▸ WORKING DATA:
<<<<
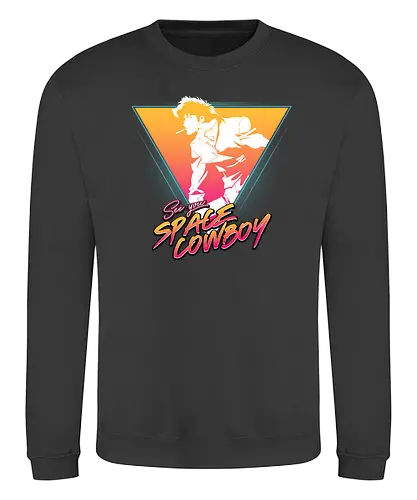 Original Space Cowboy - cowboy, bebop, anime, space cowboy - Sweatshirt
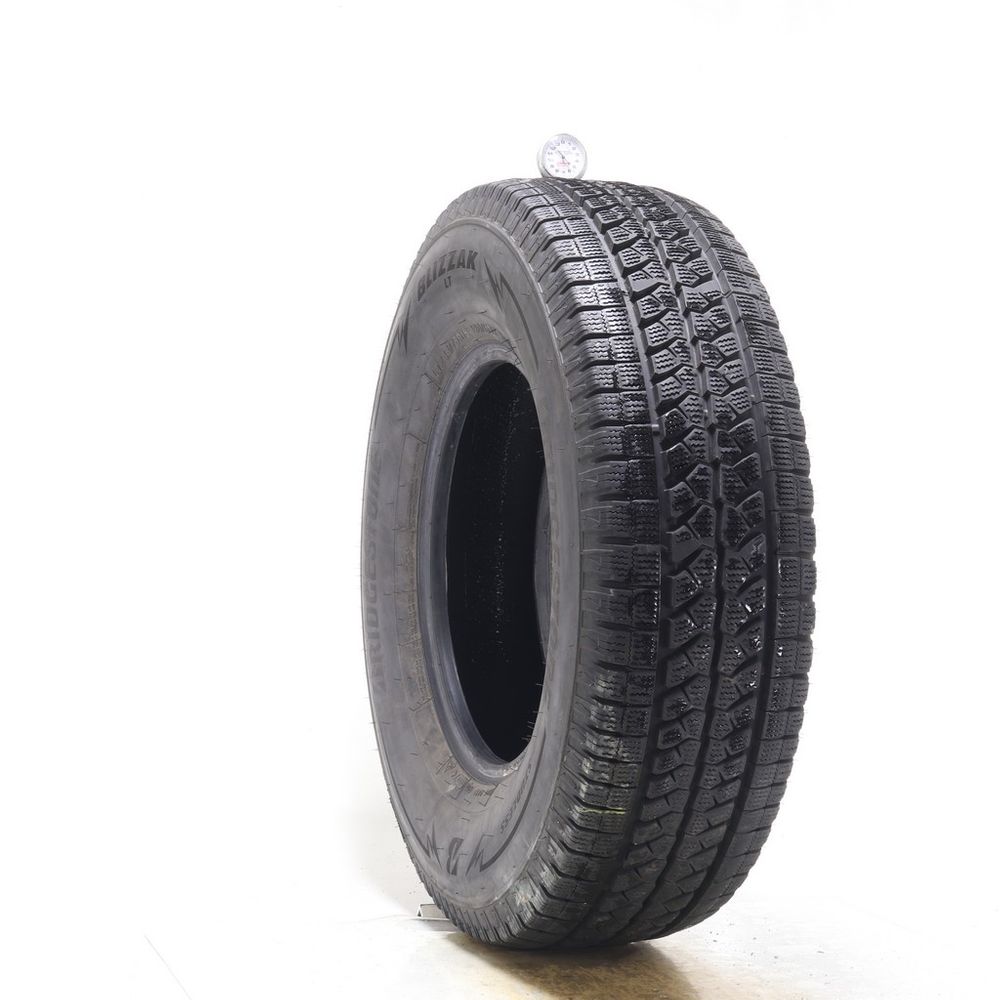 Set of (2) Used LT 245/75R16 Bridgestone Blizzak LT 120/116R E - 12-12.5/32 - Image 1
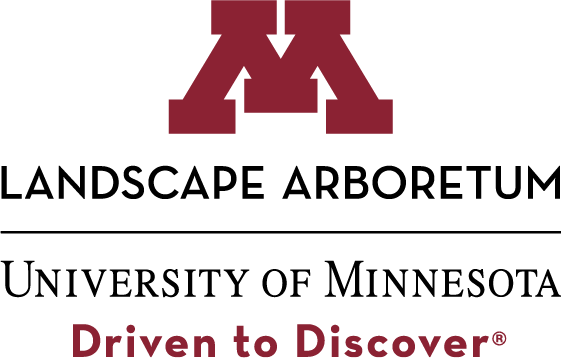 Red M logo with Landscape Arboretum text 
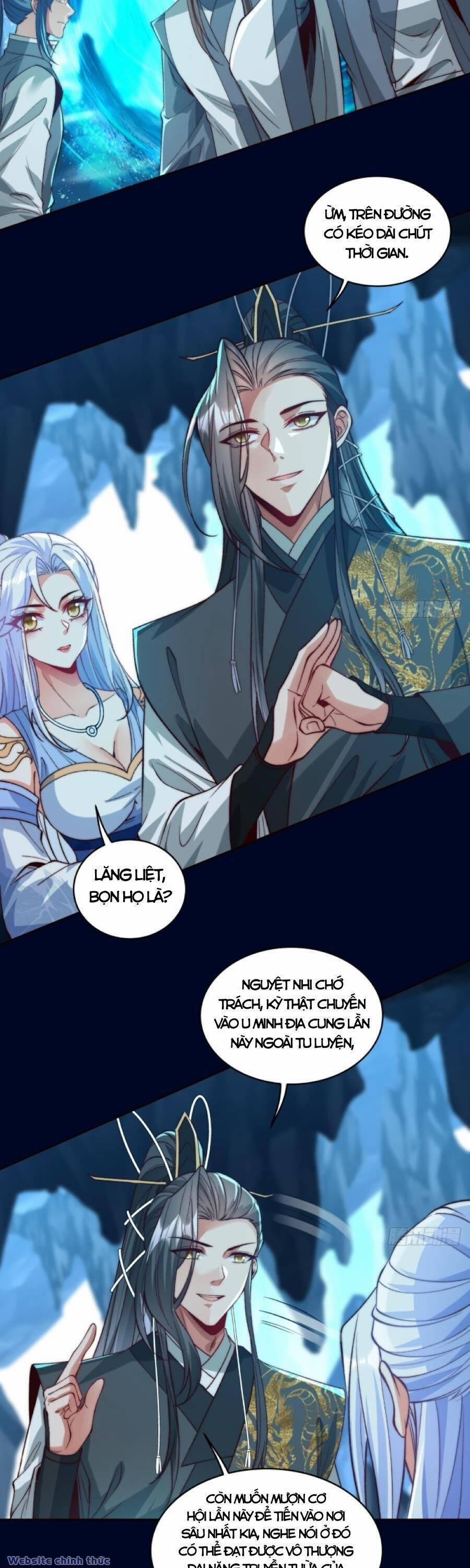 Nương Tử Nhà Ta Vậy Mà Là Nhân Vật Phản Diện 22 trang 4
>>>>
<<<<
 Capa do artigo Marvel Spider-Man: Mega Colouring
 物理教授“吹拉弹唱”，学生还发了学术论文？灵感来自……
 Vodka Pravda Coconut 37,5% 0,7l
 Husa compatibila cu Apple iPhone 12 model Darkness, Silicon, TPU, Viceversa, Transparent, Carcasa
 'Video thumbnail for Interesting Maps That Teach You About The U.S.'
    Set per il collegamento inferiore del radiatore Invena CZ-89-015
>>>>
▸ TASK: What you give back must be the stretch above, starting at the line with "Husa compatibila cu" and ending at the line with "Set per il collegamento", copied exactly.

▸ RESPONSE:
 Husa compatibila cu Apple iPhone 12 model Darkness, Silicon, TPU, Viceversa, Transparent, Carcasa
 'Video thumbnail for Interesting Maps That Teach You About The U.S.'
    Set per il collegamento inferiore del radiatore Invena CZ-89-015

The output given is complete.